## PROBLEM DETAILS
"Setelah 6 Tahun" appears in one line of the records below. Output that line and each one after it, exactly, through the last line.

[Recorded data]
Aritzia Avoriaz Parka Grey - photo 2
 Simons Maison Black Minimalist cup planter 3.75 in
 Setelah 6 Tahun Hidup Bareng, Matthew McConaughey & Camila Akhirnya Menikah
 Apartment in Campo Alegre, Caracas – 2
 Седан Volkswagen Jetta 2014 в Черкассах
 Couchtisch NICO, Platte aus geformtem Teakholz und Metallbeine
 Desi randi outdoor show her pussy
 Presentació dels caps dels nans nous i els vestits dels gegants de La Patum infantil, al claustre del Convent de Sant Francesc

## PROBLEM SOLUTION
 Setelah 6 Tahun Hidup Bareng, Matthew McConaughey & Camila Akhirnya Menikah
 Apartment in Campo Alegre, Caracas – 2
 Седан Volkswagen Jetta 2014 в Черкассах
 Couchtisch NICO, Platte aus geformtem Teakholz und Metallbeine
 Desi randi outdoor show her pussy
 Presentació dels caps dels nans nous i els vestits dels gegants de La Patum infantil, al claustre del Convent de Sant Francesc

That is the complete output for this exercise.